Let $I_t$ target, $I_s$ source; predict $D_t$ and $T_{t\rightarrow s}$. For pixel $p$ in $I_t$:

1. **Back-project:** $\mathbf{X} = D_t(p)\,K^{-1}\tilde{p}$
2. **Transform:** $\mathbf{X}_s = T_{t\rightarrow s}\,\mathbf{X}$
3. **Project:** $p' \sim K\,\mathbf{X}_s$ → sample $\hat{I}_t(p) = I_s(p')$

**Photometric loss:**
$\mathcal{L}_{pho} = \alpha \frac{1 - \mathrm{SSIM}(I_t,\hat{I}_t)}{2} + (1-\alpha)\|I_t-\hat{I}_t\|_1$

**Depth smoothness (edge-aware):**
$\mathcal{L}_{sm} = \sum |\partial_x D_t| e^{-|\partial_x I_t|} + |\partial_y D_t| e^{-|\partial_y I_t|}$

**Geometry consistency:**

* Epipolar loss: $\tilde{p}'^\top F \tilde{p} \approx 0$ on learned correspondences.
* Cycle/reprojection min over multiple sources to handle occlusions.
* **Scale constraints:** stereo baseline, IMU priors, or learned scale head.

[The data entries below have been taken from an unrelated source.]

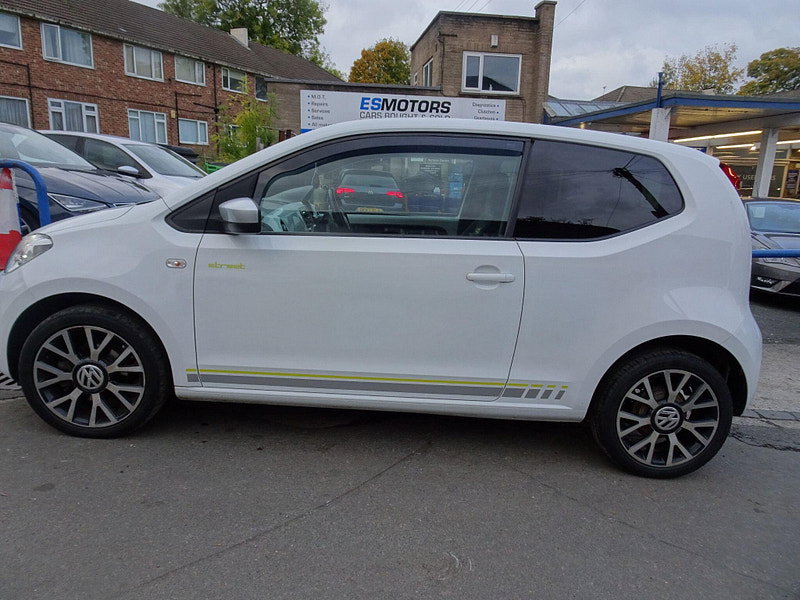 Volkswagen up! 1.0 Street up! Euro 6 3dr 3dr Manual 2026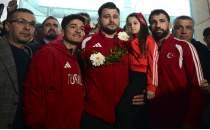 R�za Kayaalp'e ba�kentte co�kulu kar��lama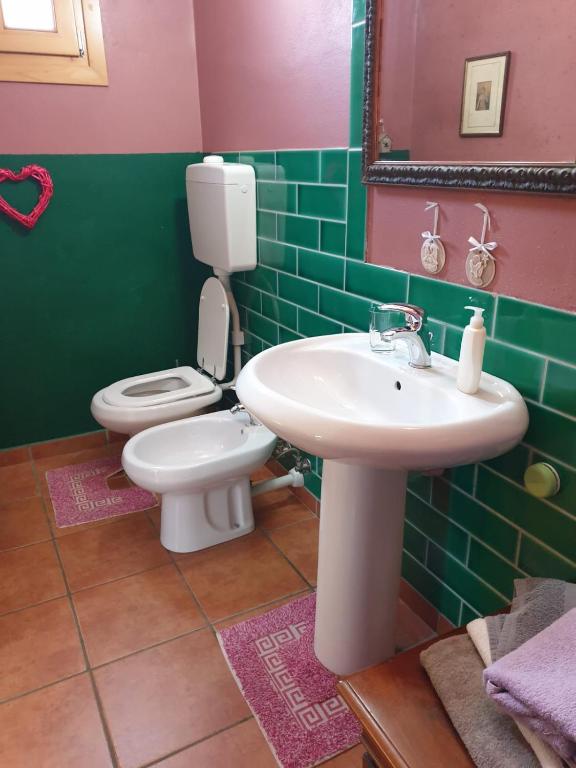 Villa Amaranta Room and Breakfast - King Room Met Uitzicht Op De Bergen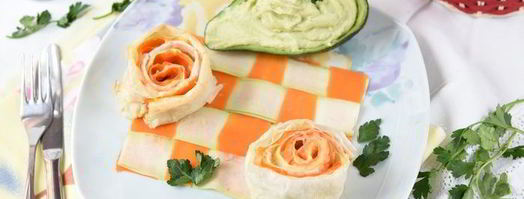 рулетики из теста фило с молодым кабачком и морковью. Шаг 12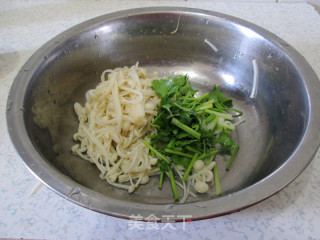炝拌辣金针菇的做法步骤：7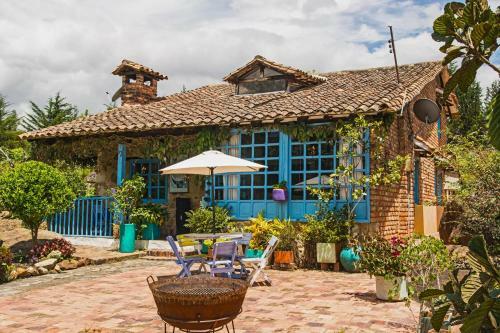 Agroturismo Residencias Art�sticas El Hayuelo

**Rotation loss (geodesic) for supervised/regularized pose:**
$\ell_R(R,\hat{R}) = \|\log(R^\top\hat{R})\|_2$

---

###  Popular architectural building blocks

* **Backbones:** ResNet/EfficientNet/MobileNet, or ViT/convnext-style hybrids.
* **Temporal:** ConvLSTM/GRU; 1D temporal convs; attention over clips.
* **Transformers:** for long-range associations, global cost volumes, memory (e.g., recurrent matching + pose/BA heads).
* **Cost volumes:** stereo/monocular multi-hypothesis depth refinement.
* **Differentiable solvers:** Gauss-Newton layers, differentiable PnP/ICP, learned robust weights (M-estimation).
* **Uncertainty heads:** aleatoric/epistemic to weight residuals and poses.

---

###  Practical training & engineering tips

* **Data curation:** varied motion/illumination; ensure exposure consistency or use brightness augmentation & learned photometric invariance.
* **Non-rigidity handling:** auto-mask moving objects; min-reprojection over multiple sources; per-pixel uncertainty weighting.
* **Scale:** prefer stereo or occasional depth supervision/IMU to anchor scale; else learn a scale head or post-scale with a known height/velocity prior.
* **Drift control:** keyframes + temporal windows; small **differentiable BA** blocks every N frames; pose-graph fine-tuning at segment ends.
* **Initialization:** identity or gyro-seeded initial pose; pyramids and coarse-to-fine warping reduce bad local minima.
* **Numerics:** SE(3) parametrization via **Lie algebra** $\boldsymbol{\xi} \in \mathbb{R}^6$; compose poses with $\exp(\cdot)$ / $\log(\cdot)$; use geodesic rotation losses.
* **Speed:** share encoders for depth/pose; mixed precision; tile-based warping; keep cost volumes shallow.

---

# 1. Loss Functions

When you train a network to predict **rotations**, you want a loss function that measures “how far apart” two rotations are.
Rotations live on the **special orthogonal group** SO(3), which is not a flat Euclidean space — so we need to be careful.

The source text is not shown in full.